7. Visualisation – To visualise DNA, the gel is stained with ethidium bromide dye. The ethidium bromide dye gets intercalate with DNA making it visible under UV light. The visualisation and documentation of DNA is done by Gel Doc system.
8. Analysis- The separated band of unknown samples are compared with the molecular marker. Comparing with molecular marker allows us to estimate the possible molecular weight of unknown DNA sample.

Preparing the gel

• Agarose gels are typically used to visualise fragments of DNA. The concentration of agarose used to make the gel depends on the size of the DNA fragments you are working with.
• The higher the agarose concentration, the denser the matrix and vice versa. Smaller fragments of DNA are separated on higher concentrations of agarose whilst larger molecules require a lower concentration of agarose.
• To make a gel, agarose powder is mixed with an electrophoresis buffer and heated to a high temperature until all of the agarose powder has melted.
• The molten gel is then poured into a gel casting tray and a “comb” is placed at one end to make wells for the sample to be pipetted into.
• Once the gel has cooled and solidified (it will now be opaque rather than clear) the comb is removed.
• Many people now use pre-made gels.
• The gel is then placed into an electrophoresis tank and electrophoresis buffer is poured into the tank until the surface of the gel is covered. The buffer conducts the electric current. The type of buffer used depends on the approximate size of the DNA fragments in the sample.
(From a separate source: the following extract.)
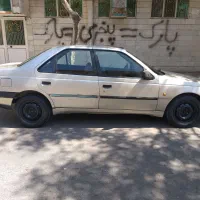 پژو ۴۰۵|خودرو سواری و وانت|مشهد, وحید|دیوار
Key Considerations and Troubleshooting

• Gel concentration: Choose the appropriate gel concentration based on the size of the molecules being separated.
• Buffer selection: Select a suitable buffer that provides optimal conductivity and maintains pH during electrophoresis.
• Voltage and current: Adjust the voltage and current to avoid excessive heating and gel melting.
• Sample loading: Load the samples carefully to avoid overloading the wells, which can lead to poor resolution.
• Visualization: Choose a suitable staining method that provides adequate sensitivity and specificity.

Conclusion

Agarose gel electrophoresis is a cornerstone technique in molecular biology, providing a simple yet powerful method for separating and analyzing biomolecules. Its versatility and ease of use have made it an indispensable tool in research laboratories worldwide. As technology continues to advance, new variations of this technique, such as pulsed-field gel electrophoresis, are being developed to address more complex challenges in molecular biology.